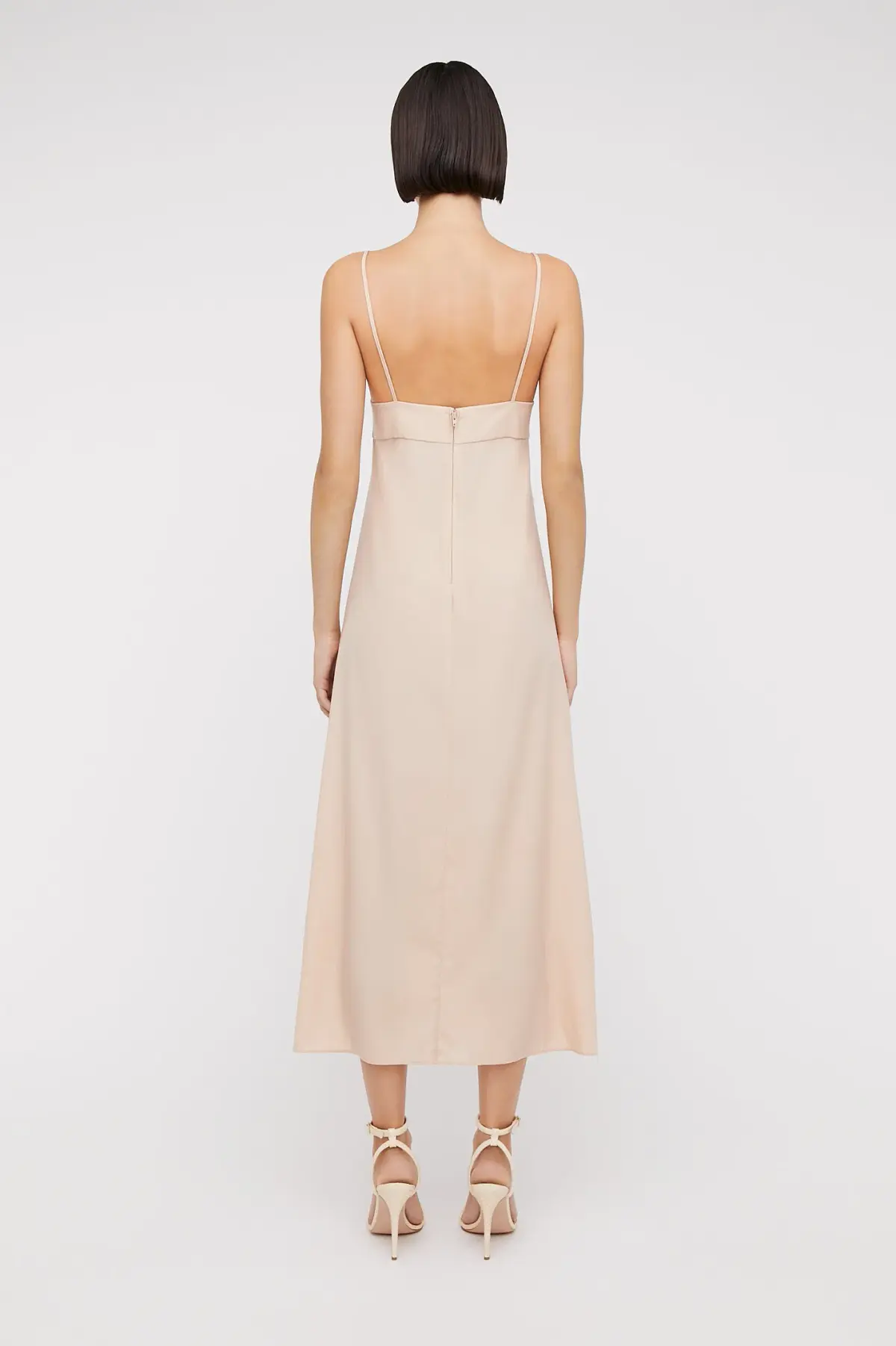 Scanlan Theodore Silk Slip Dress Nude Size 10  - Image 3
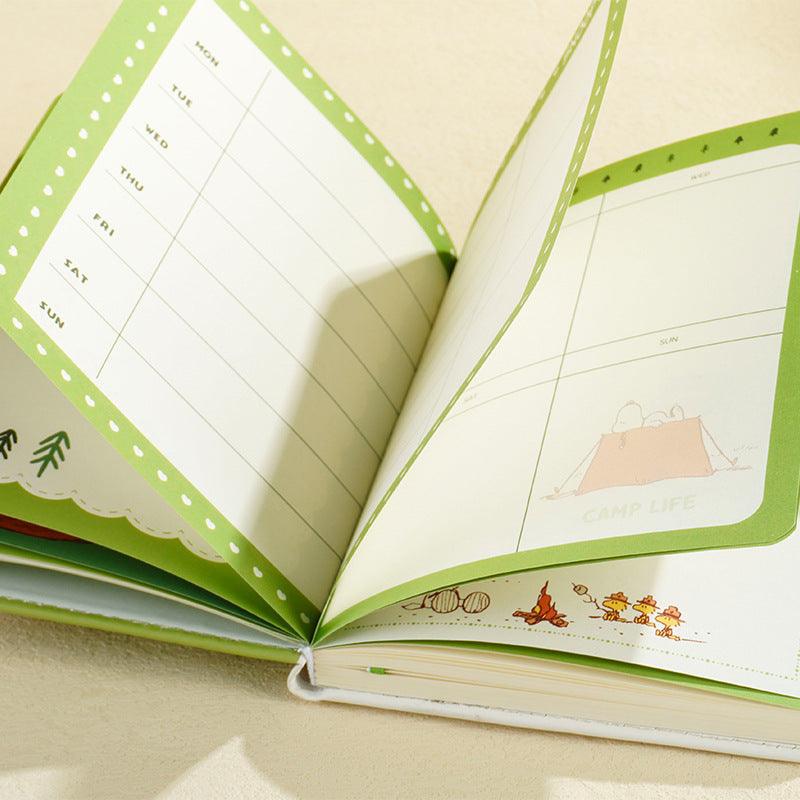 Peanuts LLC - Snoopy A5 Hard Cover Notebook Diary Organizer - inshobby.com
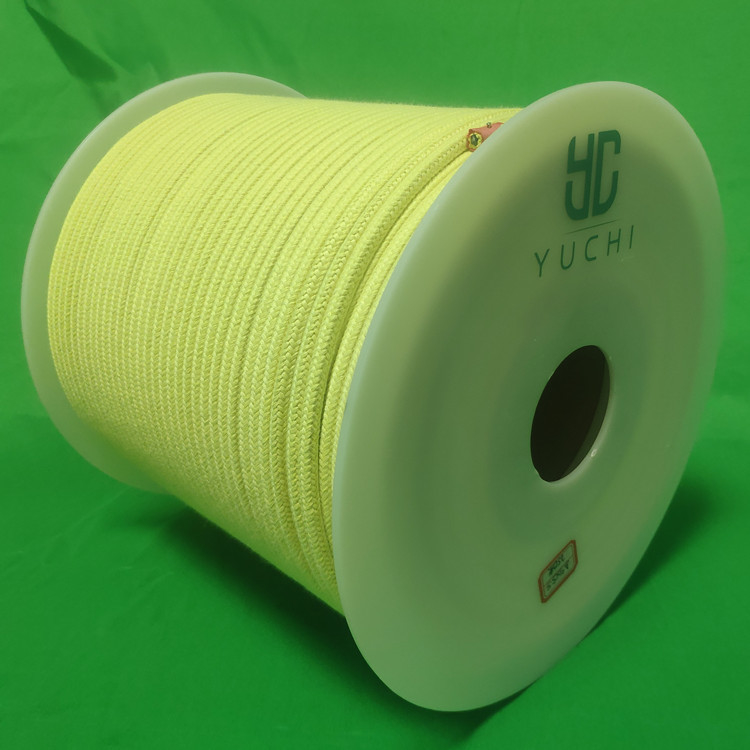 100% kevlar aramid yarn ropes and roller sleeves for glass tempering machine furnace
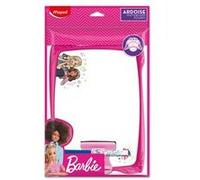 Maped – Kit ardoise blanche Barbie – Souple, incassable, double-face – Avec accessoires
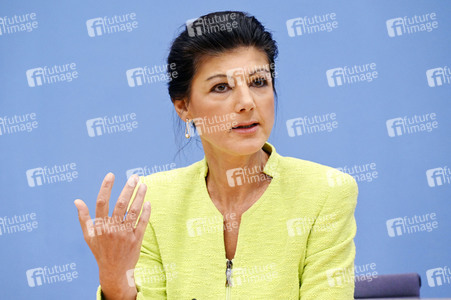 Bundespressekonferenz Gründung des Vereins 'Bündnis Sahra Wagenknecht' in Berlin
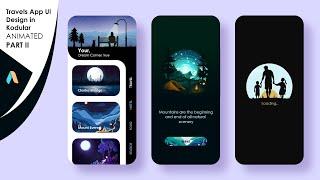 Animated Travel App UI Design Tutorials in kodular | Home Screen Design In Kodular with aia Part 2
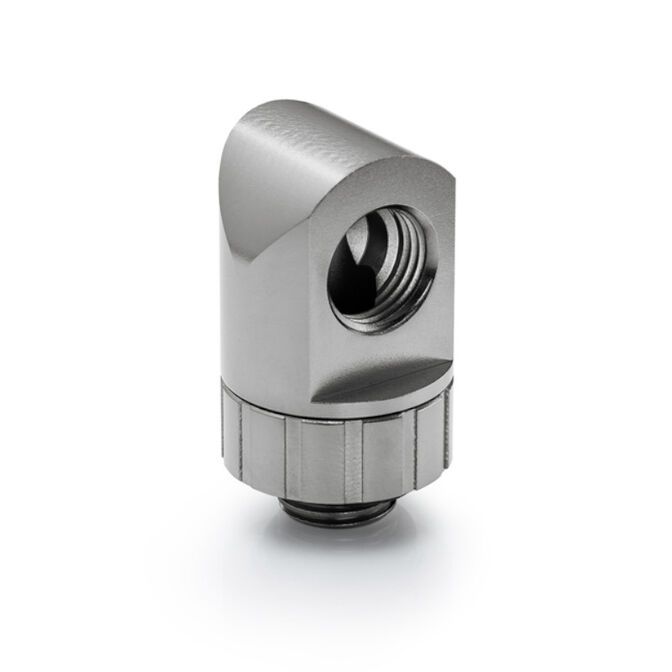 Bitspower Artemis 90 Grad Fitting - drehbar, platinum grau image number 0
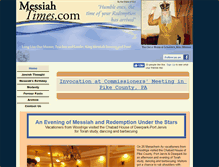 Tablet Screenshot of messiahtimes.com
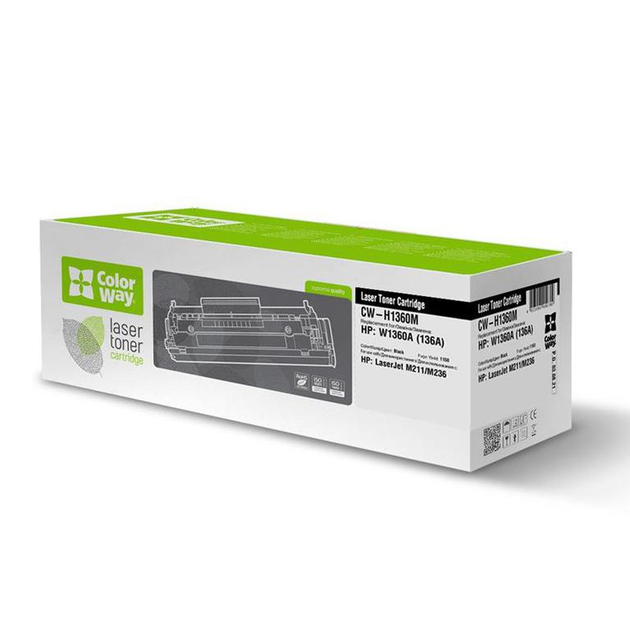 Картридж ColorWay HP W1360A LJ M211/M236 без чипа (CW-H1360M) – фото ...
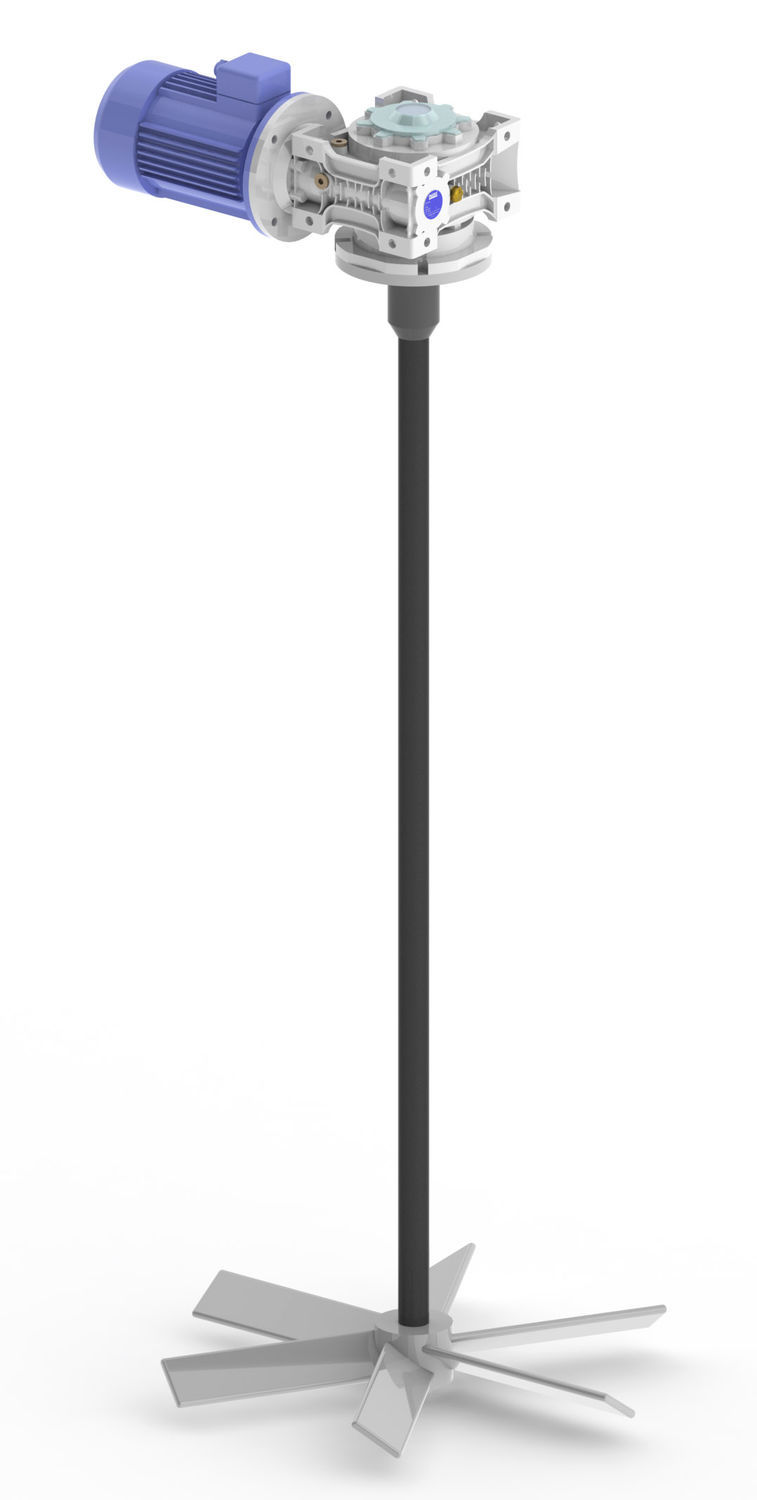 Paddle mixer ESM series C. Ehrensperger AG turbine / rotor / batch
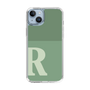 Slim Protection Case［ Original - initial two tone - R green ］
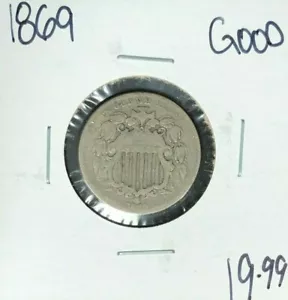 1869 SHIELD NICKEL ~ GOOD ~ ~NICE COIN~ - Picture 1 of 2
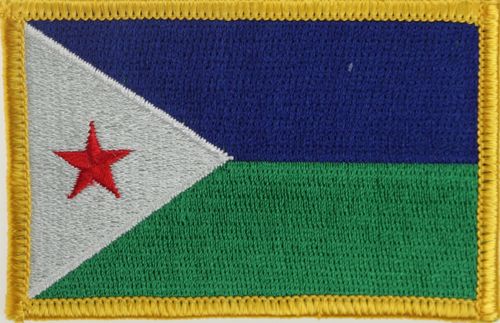 Dschibuti Flaggenaufnäher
++++++++
#### [WORK ORDER]
Set the lines down exactly as they stand, from the one containing "Bundespressekonferenz Gründung des" through the end of the listing, omitting every picture.

#### [RESPONSE AREA]
 Bundespressekonferenz Gründung des Vereins 'Bündnis Sahra Wagenknecht' in Berlin
 Animated Travel App UI Design Tutorials in kodular | Home Screen Design In Kodular with aia Part 2
 Bitspower Artemis 90 Grad Fitting - drehbar, platinum grau image number 0
 Tablet Screenshot of messiahtimes.com
 Картридж ColorWay HP W1360A LJ M211/M236 без чипа (CW-H1360M) – фото ...
 Paddle mixer ESM series C. Ehrensperger AG turbine / rotor / batch
 Slim Protection Case［ Original - initial two tone - R green ］
 1869 SHIELD NICKEL ~ GOOD ~ ~NICE COIN~ - Picture 1 of 2
 Dschibuti Flaggenaufnäher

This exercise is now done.